The Korean is not sure about calling lunar new year as "Chinese New Year" or "Korean New Year," but at any rate, seollal is still very much widely celebrated in Korea.

Dear Korean,

I'm a Korean American who immigrated to the U.S in late 1980. Maybe I'm wrong or just can't remember, but I'm pretty certain that people didn't celebrate Lunar New Year in South Korea back in the 1970s during Park Chung-Hee times. Would you happen to know when Lunar New Year became a holiday in South Korea?

Sae


The answer is: 1989.  The Korean previously described the vacillation between solar and lunar new year in Korea. Short version of the story is that, although Koreans traditionally celebrated lunar new year, Japan imposed solar new year in the period leading up to the colonial times. But even after the liberation in 1945, Korea could not completely make up its mind about how many holidays to assign on each new year's day. In 1954, Korean government officially relegated the lunar new year to a regular working day, and instead made solar new year's day a three-day holiday. Subsequent Korean governments tried their best to get Korean people to celebrate the solar new year, by claiming that "double new year's day" [이중과세] was wasteful, and solar new year's day was more modern. This policy continued until 1985.

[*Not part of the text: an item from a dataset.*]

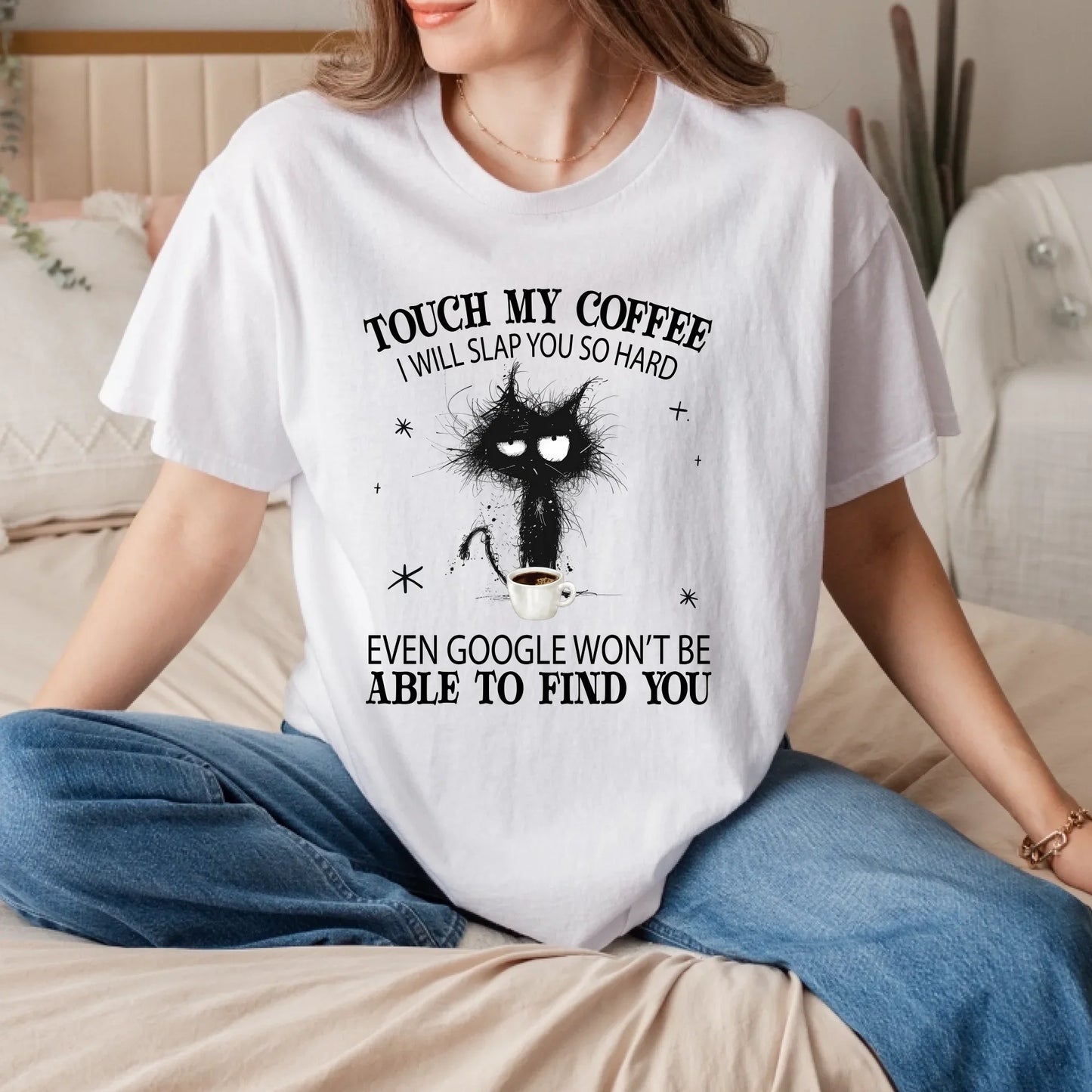 Touch My Coffee Funny Cat Custom T-Shirt | Personalized Coffee & Cat Lover Tee Hoodie, Sweatshirt (Image 1)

Promotional cartoon from Korean government, circa 1981
The old man is trying to direct people toward the lunar new year,
but over the shining buildings at the end of the road toward
the direction of "solar new year," it says "Modernization."
(source)
But old habits refused to die. In 1985, Korean government made an awkward compromise by designating lunar new year's day as "Folk Tradition Day" [민속의 날], and made it a one-day holiday. In 1989, Korean government finally relented and restored lunar new year's day as the proper "New Year's Day" [seollal, 설날], which was to be a three day holiday. The solar new year's day instead became a two-day holiday. Finally, in 1999, the solar new year's day became a one day holiday, and that is the system that is currently in use.